THE future of wool is being jeopardised by a failure to listen to its customers.
This is the opinion of wool historian and prominent NSW Merino breeder Charles Massy.
He told a woolclasser forum in Bendigo last week he was"appalled by what is going on" regarding Australia's response to the mulesing issue.
"We are kicking sand in the face of our customers," he said.
Mr Massy traced much of problem of the Merino and its ability to cope with flystrike back to the 1880s and the introduction by Samuel McCaughey of the excessively wrinkled Vermont Merino to boost wool cuts.
Since then, Merino breeders had done little to address the problem of wrinkly sheep, despite the fact that a plainer-bodied sheep was less prone to flystrike and in less need of mulesing, he said.
Mr Massy said the wool industry had a history over two centuries of failing to take heed of its customers and had lost market share accordingly to cotton and synthetics.
He said to keep pace with these competing fibres the wool industry needed to continue working on improving its fibre qualities through either genetics, classing or chemical modification.
However, for Mr Massy, mulesing and the failure to listen to customers were not the only issues of concern.
Mr Massy, who has been a long-time critic of institutionalised marketing, described Australian Wool Innovation's latest attempts as "working with a failed model".
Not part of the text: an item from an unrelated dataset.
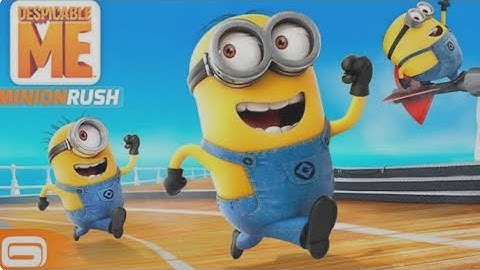 Minion Rush | Gameplay 4k 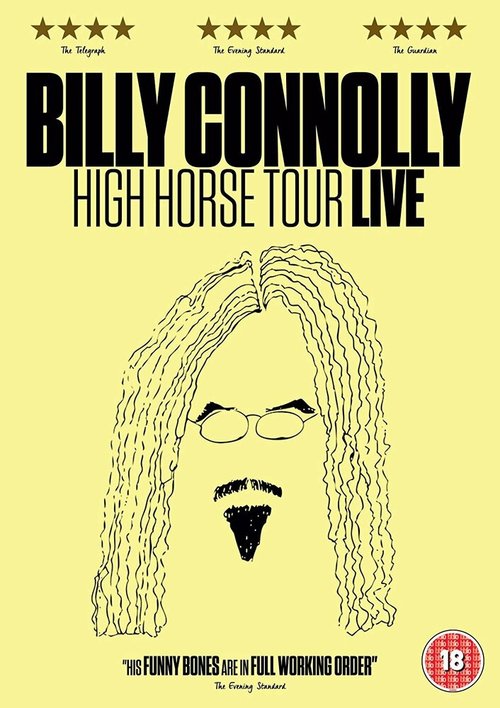 Постер Билли Коннолли: Верхом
"Ever since the Korean War we seemed to be more intent on protecting the institutions," he said, citing the former International Wool Secretariat, the Australian Wool Board and its successors.
"It's abysmal what is going on at the moment at the AWI board," he said. "We need to get politics out of wool."
Mr Massy said he favoured the abolition of wool taxes to allow producers or groups of producers to invest in their own supply-chain marketing, similar to the wine and dairy industries.
He said the wool levies based on gross returns represented the skimming of a farmer's profit.
"We know supply-chain marketing of segmented or regional brands had the potential, but it has never been given a chance," Mr Massy said.
"In the past, supply chains were undermined by the marketing policies of the IWS."
An AWI spokesman said Mr Massy's criticisms were nothing new and that producers should await details of AWI's strategic marketing plans which were about to be implemented.